• **Task to complete**
Write out the listing exactly, dropping any picture it contains.
Input records Block Start
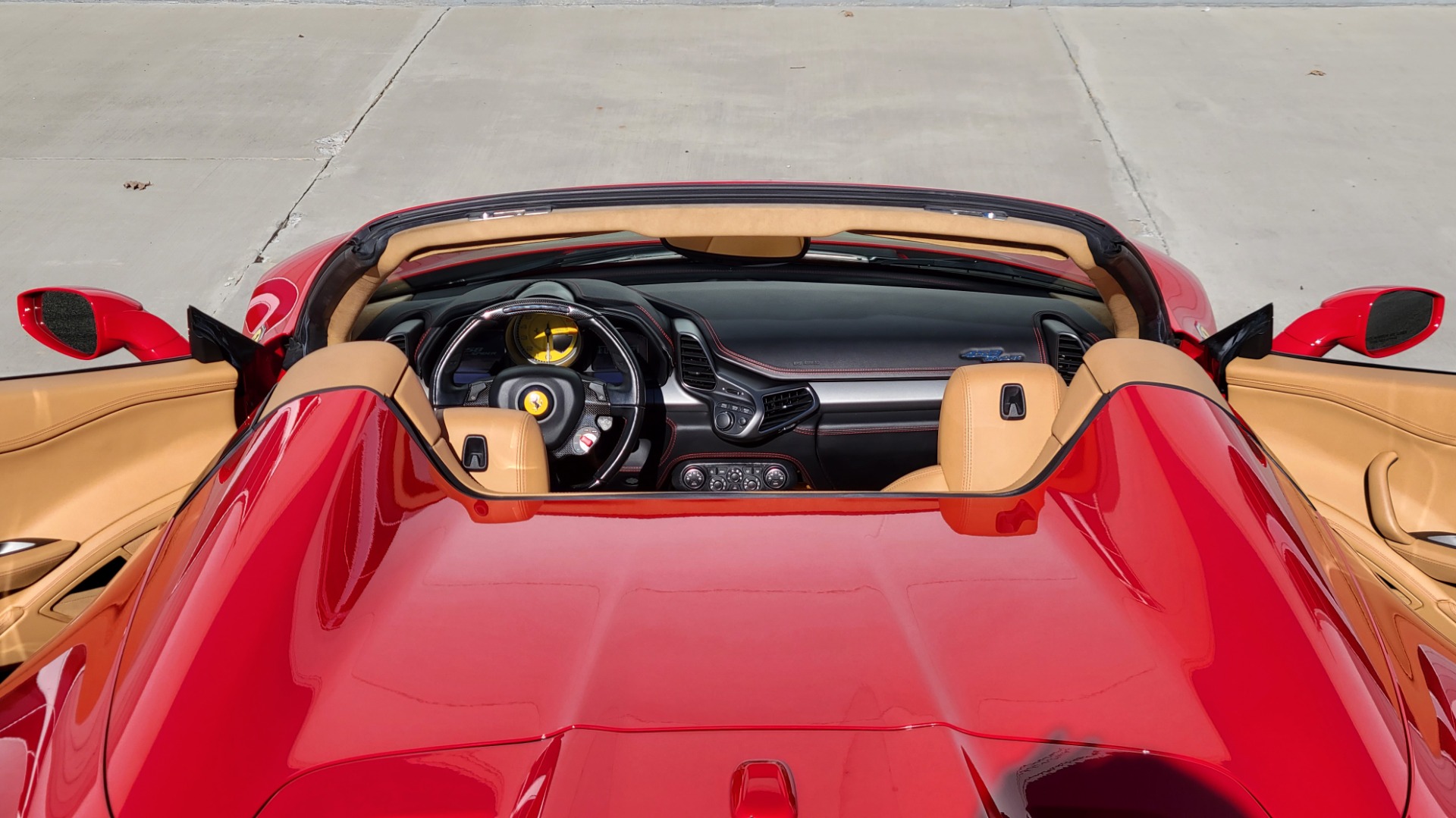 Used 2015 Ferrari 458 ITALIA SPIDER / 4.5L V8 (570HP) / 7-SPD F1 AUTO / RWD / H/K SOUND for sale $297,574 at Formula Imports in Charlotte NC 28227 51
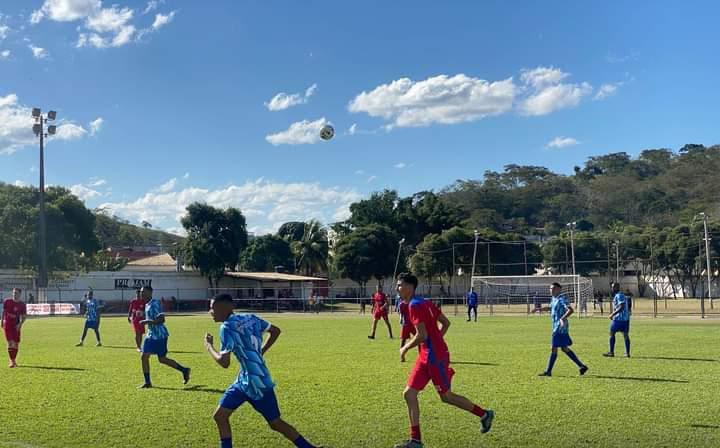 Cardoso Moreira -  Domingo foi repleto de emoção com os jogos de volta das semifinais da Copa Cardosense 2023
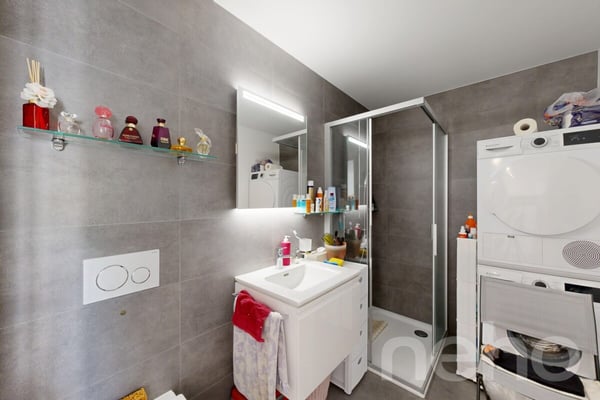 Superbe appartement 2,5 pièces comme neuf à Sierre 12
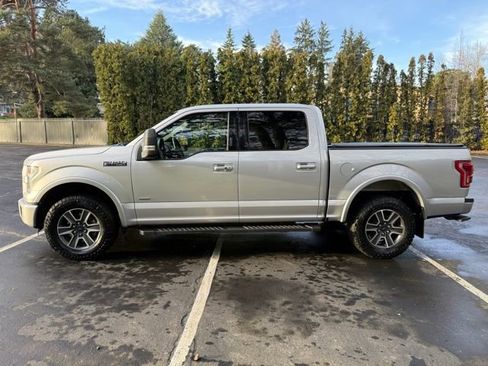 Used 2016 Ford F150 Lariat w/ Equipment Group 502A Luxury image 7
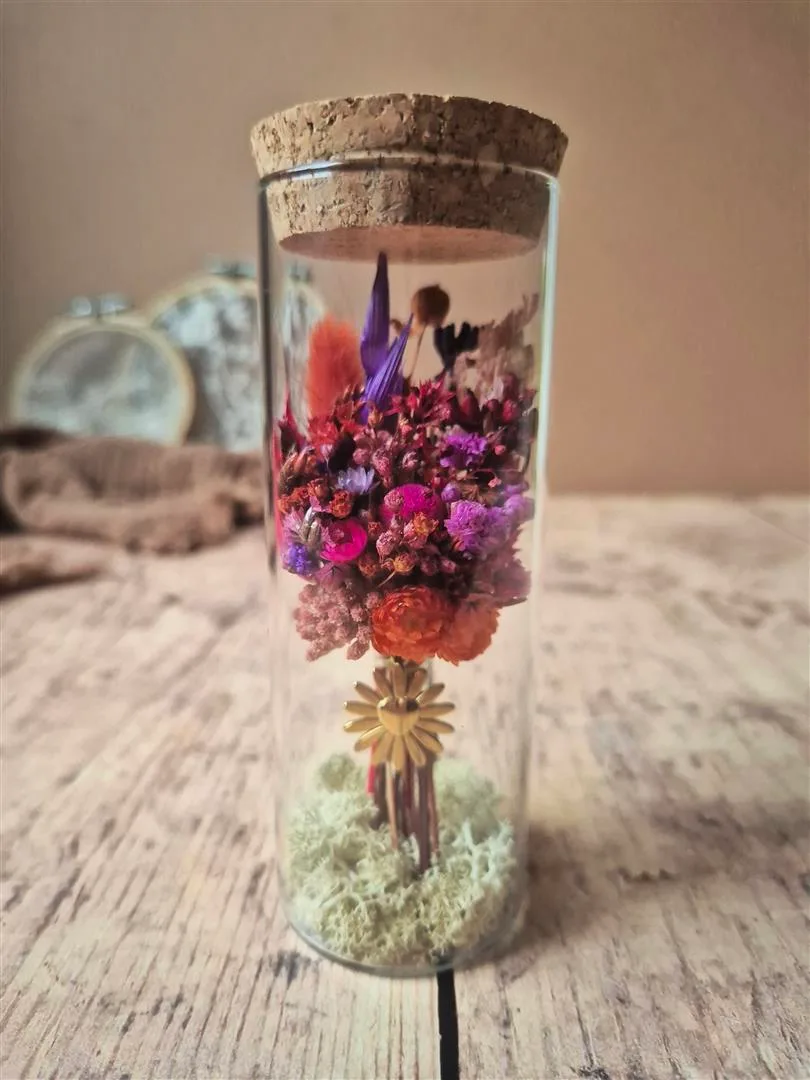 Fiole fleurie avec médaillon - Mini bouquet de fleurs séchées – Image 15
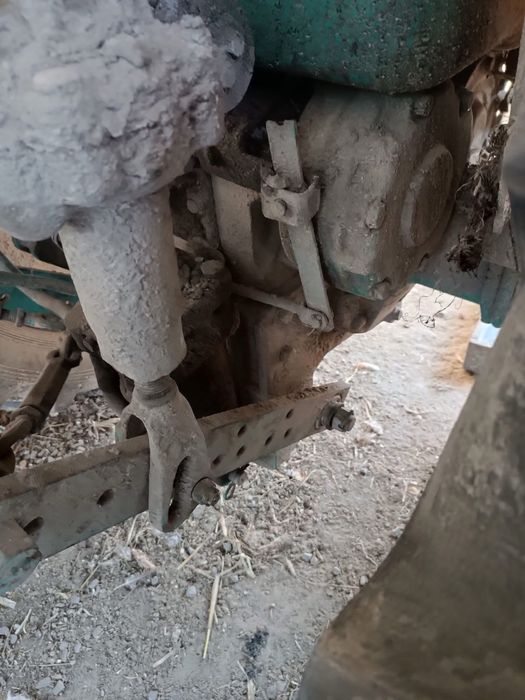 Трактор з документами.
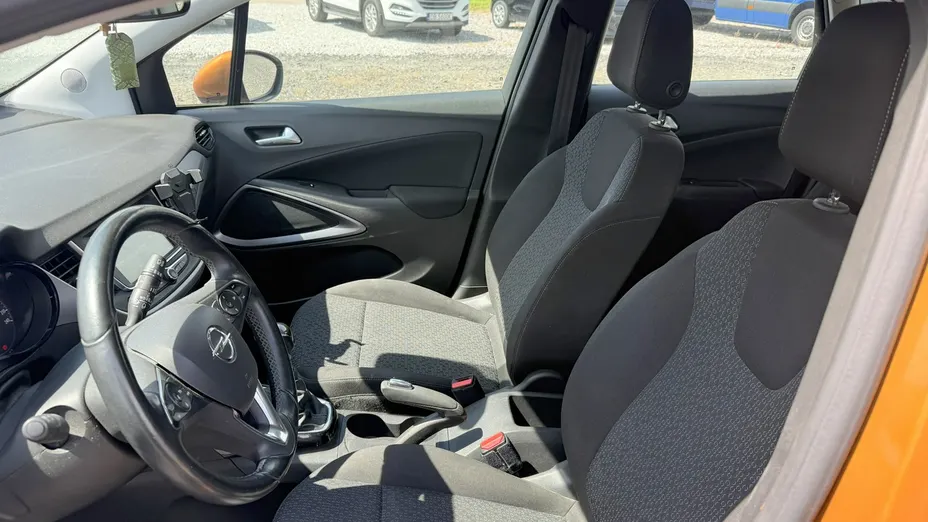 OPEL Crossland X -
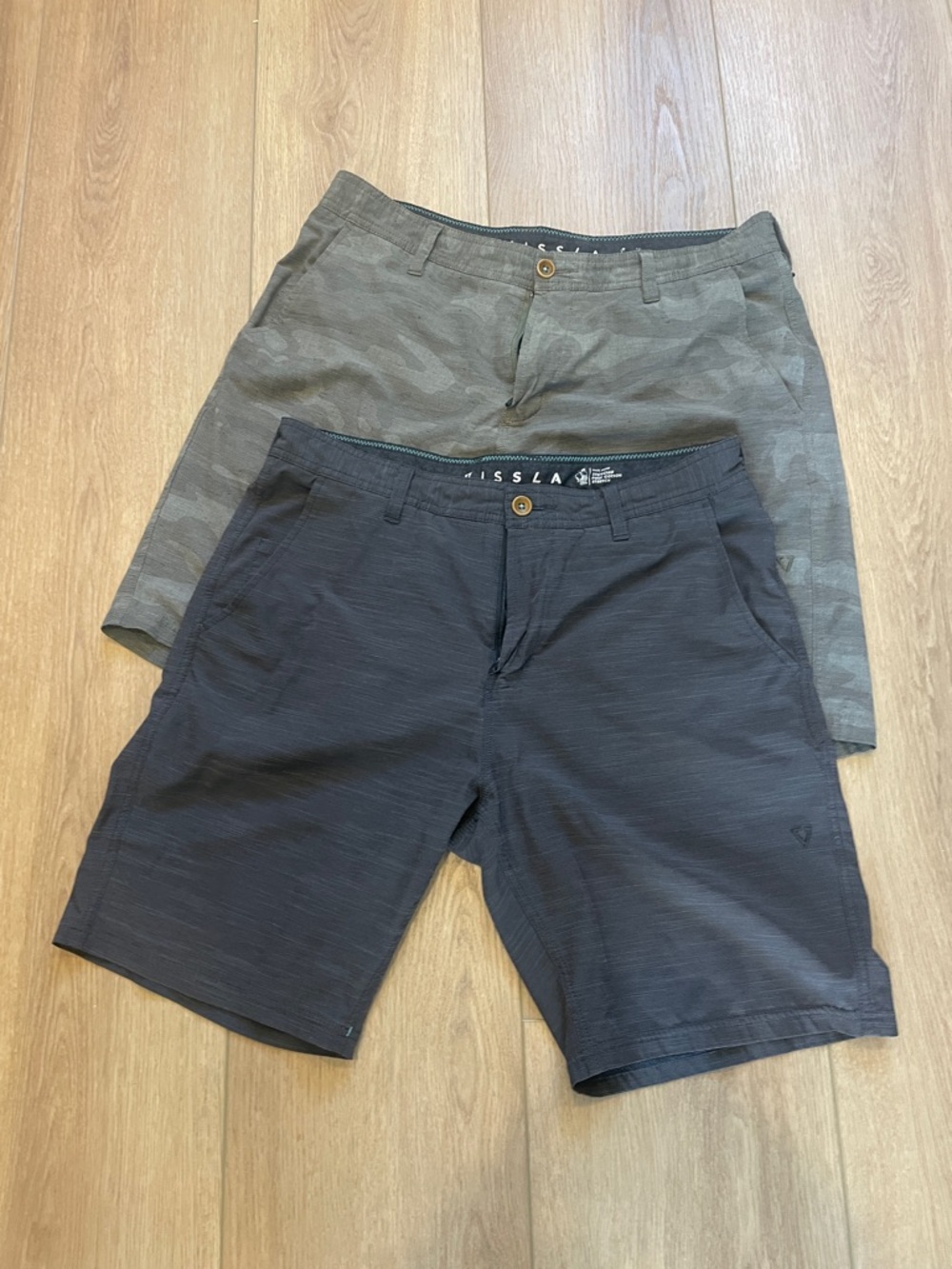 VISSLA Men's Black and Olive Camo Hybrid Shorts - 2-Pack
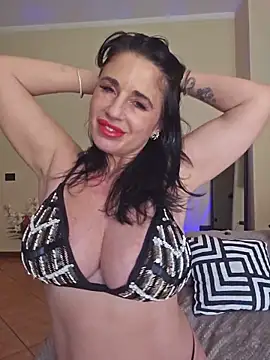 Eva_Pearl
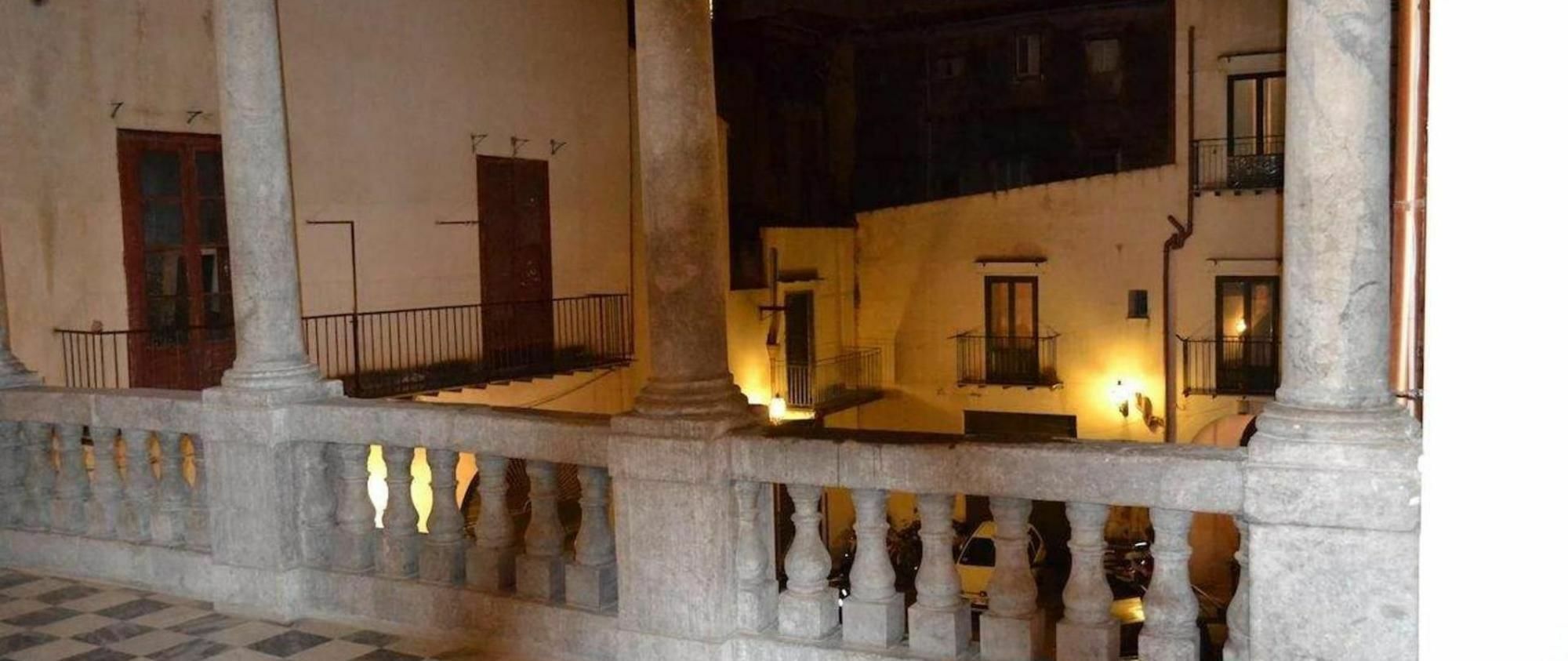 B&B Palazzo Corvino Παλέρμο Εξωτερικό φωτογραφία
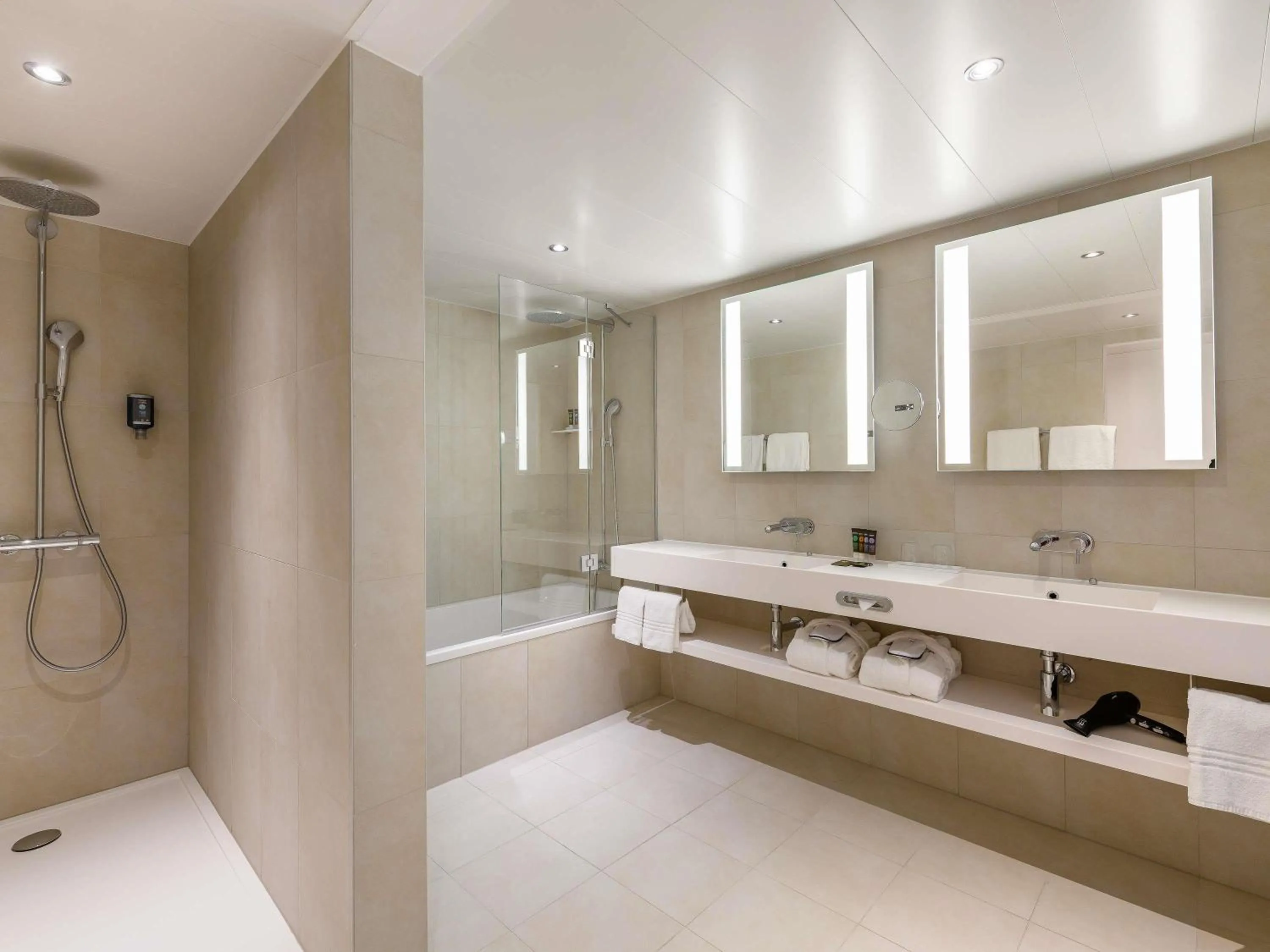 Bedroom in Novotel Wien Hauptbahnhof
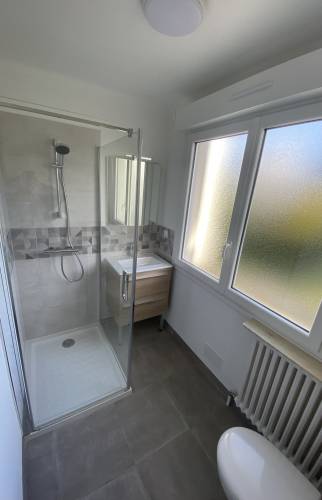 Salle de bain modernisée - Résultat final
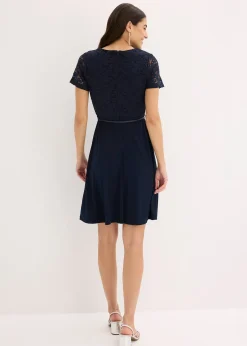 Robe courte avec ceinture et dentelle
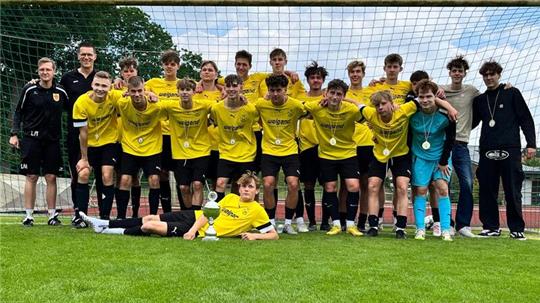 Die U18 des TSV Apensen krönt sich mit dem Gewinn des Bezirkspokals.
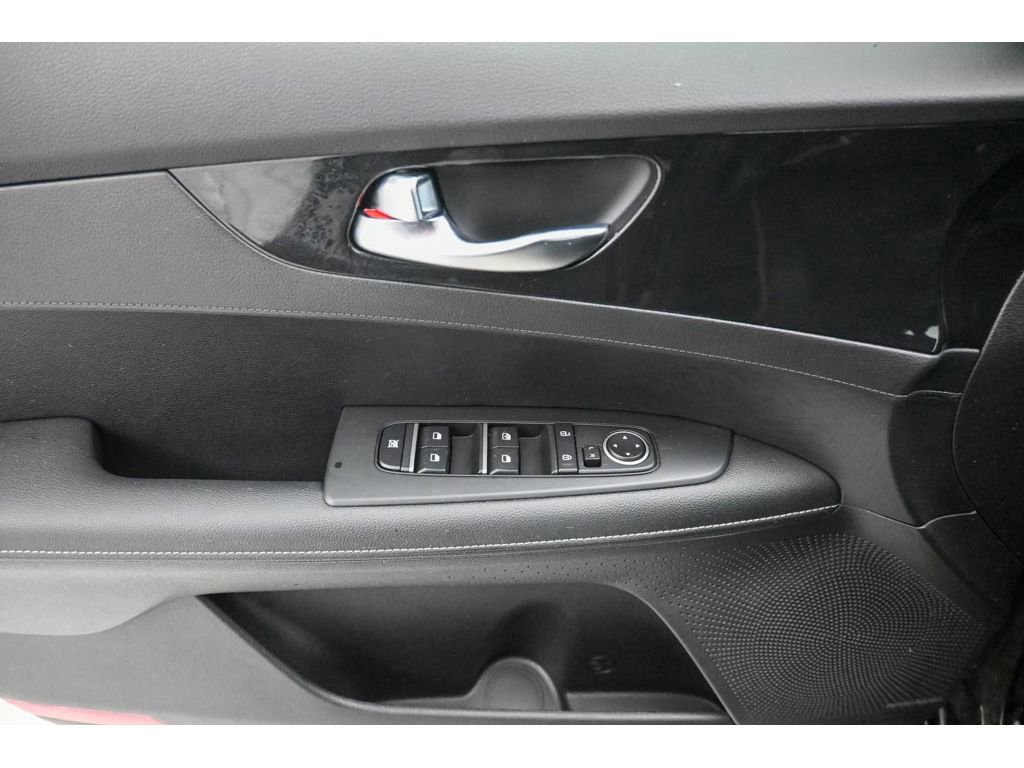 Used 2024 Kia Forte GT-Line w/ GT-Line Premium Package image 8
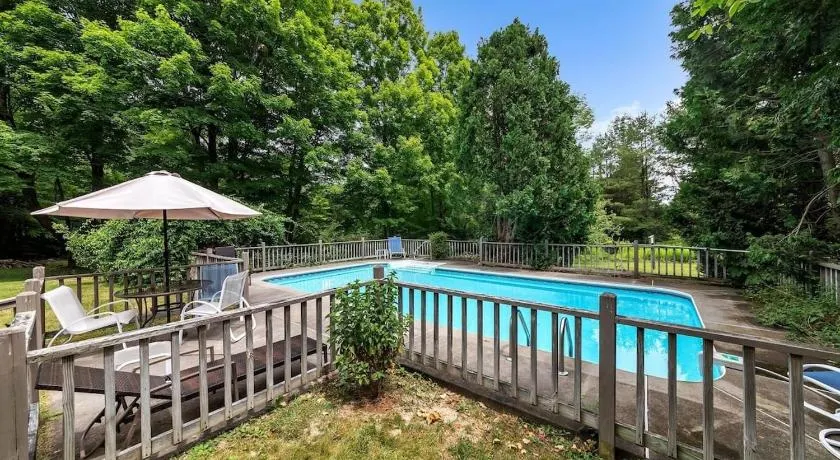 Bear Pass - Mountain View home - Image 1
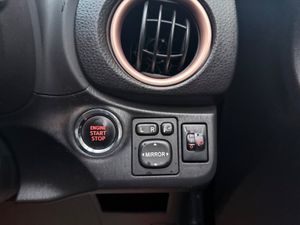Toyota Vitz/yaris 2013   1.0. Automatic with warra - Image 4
Input records Block End
• **Response area**
 Used 2015 Ferrari 458 ITALIA SPIDER / 4.5L V8 (570HP) / 7-SPD F1 AUTO / RWD / H/K SOUND for sale $297,574 at Formula Imports in Charlotte NC 28227 51
 Cardoso Moreira -  Domingo foi repleto de emoção com os jogos de volta das semifinais da Copa Cardosense 2023
 Superbe appartement 2,5 pièces comme neuf à Sierre 12
 Used 2016 Ford F150 Lariat w/ Equipment Group 502A Luxury image 7
 Fiole fleurie avec médaillon - Mini bouquet de fleurs séchées – Image 15
 Трактор з документами.
 OPEL Crossland X -
 VISSLA Men's Black and Olive Camo Hybrid Shorts - 2-Pack
 Eva_Pearl
 B&B Palazzo Corvino Παλέρμο Εξωτερικό φωτογραφία
 Bedroom in Novotel Wien Hauptbahnhof
 Salle de bain modernisée - Résultat final
 Robe courte avec ceinture et dentelle
 Die U18 des TSV Apensen krönt sich mit dem Gewinn des Bezirkspokals.
 Used 2024 Kia Forte GT-Line w/ GT-Line Premium Package image 8
 Bear Pass - Mountain View home - Image 1
Toyota Vitz/yaris 2013   1.0. Automatic with warra - Image 4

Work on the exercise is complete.